Kasus ini membuat Hasitun Nissa gelisah, seseorang yang BBC temui beberapa hari lalu, sebelum nota resmi dari pemerintah dikeluarkan.
Tak pernah terlintas dalam benaknya untuk tinggal di luar Assam, dikenal sebagai daerah dataran banjir.
Assam merupakan tempat guru sekolah berumur 47 tahun ini menghabiskan masa kecilnya, saat-saat dimana dia menimba ilmu, tempat dia melangsungkan pernikahan, dan tempat dirinya membesarkan empat orang anak.

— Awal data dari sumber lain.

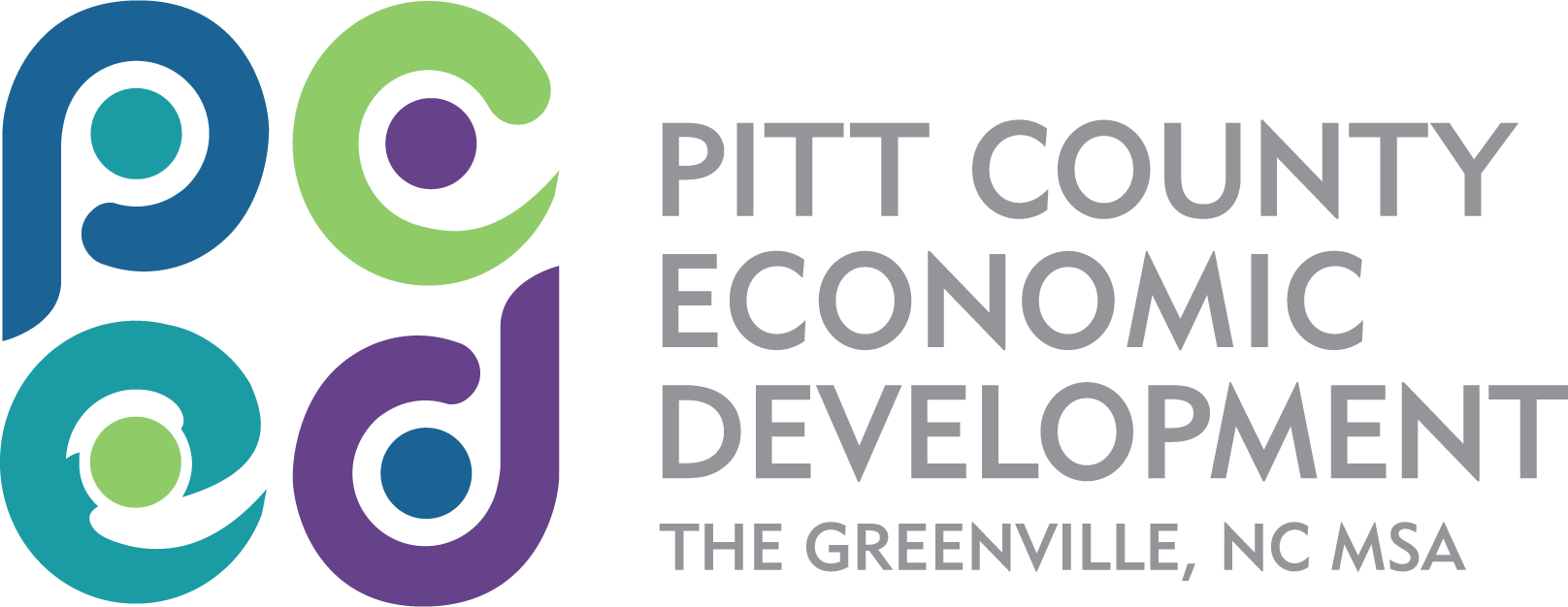Pitt County Economic Development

Dia sadar status kewarganegaraanya akan dicabut pemerintah, yang bakal diikuti dengan perlucutan hak tanah, haknya memilih, dan kebebasan.

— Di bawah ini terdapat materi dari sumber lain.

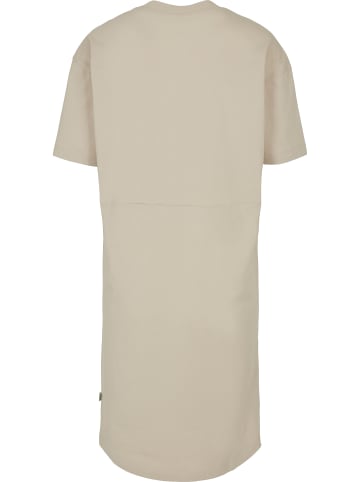 Urban Classics Day Dresses in softseagrass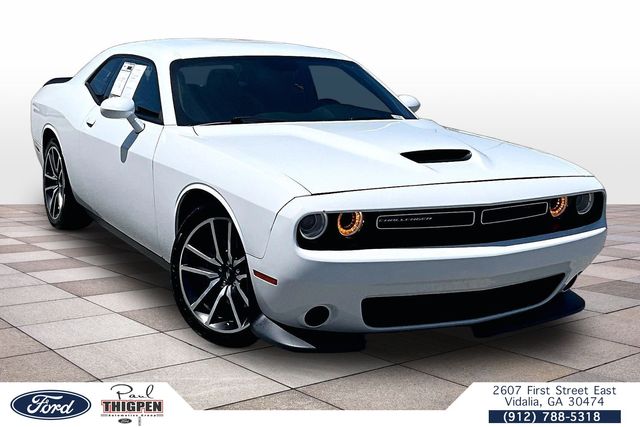 DYNAMIC_PREF_LABEL_INVENTORY_FEATURED_USED_INVENTORY_FEATURED1_ALTATTRIBUTEBEFORE 2023 Dodge Challenger R/T Coupe DYNAMIC_PREF_LABEL_INVENTORY_FEATURED_USED_INVENTORY_FEATURED1_ALTATTRIBUTEAFTER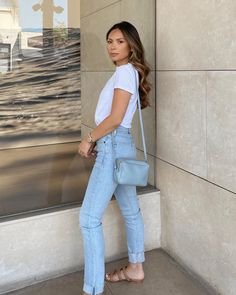 Jeans, Casual, Online Shopping, Casual Chic, Instagram, Summer, Normcore, Everyday Chic, Everyday Outfits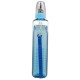 Plastic Dog Water Bottle with Nylon Handle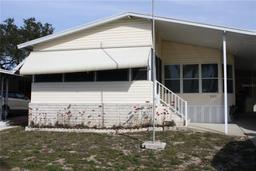 Picture of 305 Edgewood Boulevard, Lake Wales, FL 33898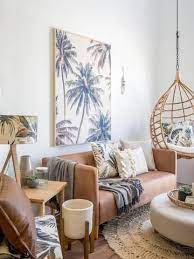 Pin On Home Decor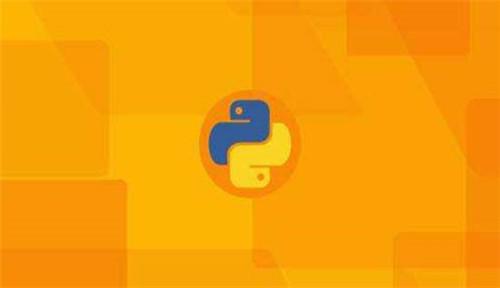 自学Python三个月能赚钱吗? 自学Python三个月能赚钱吗?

Dia tidak sendiri. Sekitar empat juta warga Bengali - sebuah komunitas minoritas yang punya bahasanya sendiri di Assam - menjadi korban akibat proses birokrasi yang lama dan berbelit.
Pemerintah India di Delhi mengatakan bahwa pendaftaran penduduk harus dilakukan.
Berdasarkan Kesepakatan Assam, sebuah perjanjian yang ditandatangani oleh Perdana Menteri Rajiv Gandhi pada 1985, mereka yang tidak mampu menunjukkan bukti bahwa mereka datang ke Assam sebelum 24 Maret 1971, maka akan dihapuskan dari daftar pemilih dan dideportasi.
Namun, para aktivis mengatakan bahwa NRC digunakan sebagai dalih serangan kaum nasionalis Hindu dan kelompok garis keras Assam terhadap komunitas Bengali yang sah di negara bagian itu, sebagian besar di antara mereka adalah Muslim.
Seperti halnya Hasitun, banyak orang suku Bengali lainnya hidup di lahan basah sepanjang sungai Brahmaputra, kemudian berpindah ke bagian lainnya apabila tingkat air meningkat.
Jika pun ada, dokumen yang mereka miliki kerap kali tidak akurat.
Pejabat India mengatakan bahwa warga ilegal dari Bangladesh bercampur dalam populasi Bengali, seringkali bersembunyi menggunakan berkas palsu. Hanya dengan pemeriksaan dokumen secara menyeluruh, pemerintah akan mampu mengusir mereka keluar.
Namun, juru kampanye Bengali, Nazrul Ali Ahmed bersikukuh bahwa NRC mengandung unsur agenda tersembunyi lainnya.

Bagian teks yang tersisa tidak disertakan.